=== Available data ===

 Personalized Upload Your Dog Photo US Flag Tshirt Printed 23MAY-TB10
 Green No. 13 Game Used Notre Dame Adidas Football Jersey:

===
=== Available data ===

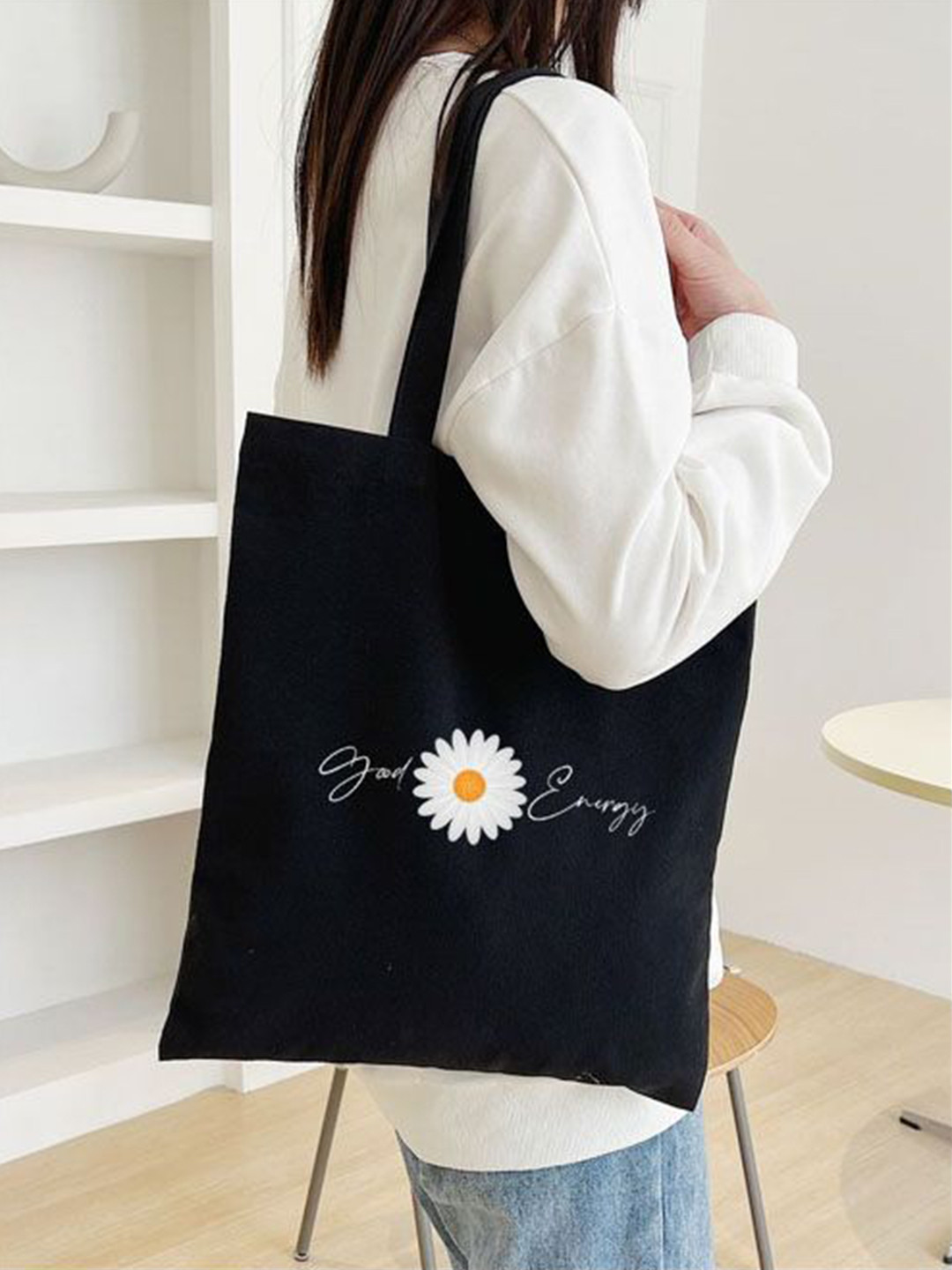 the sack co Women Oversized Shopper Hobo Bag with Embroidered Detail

===

§ **Work item**: From the data above, output exactly the lines between the one containing "Personalized Upload Your" and the one containing "Green No. 13", counting both of them.

§ **Your solution**:
 Personalized Upload Your Dog Photo US Flag Tshirt Printed 23MAY-TB10
 Green No. 13 Game Used Notre Dame Adidas Football Jersey:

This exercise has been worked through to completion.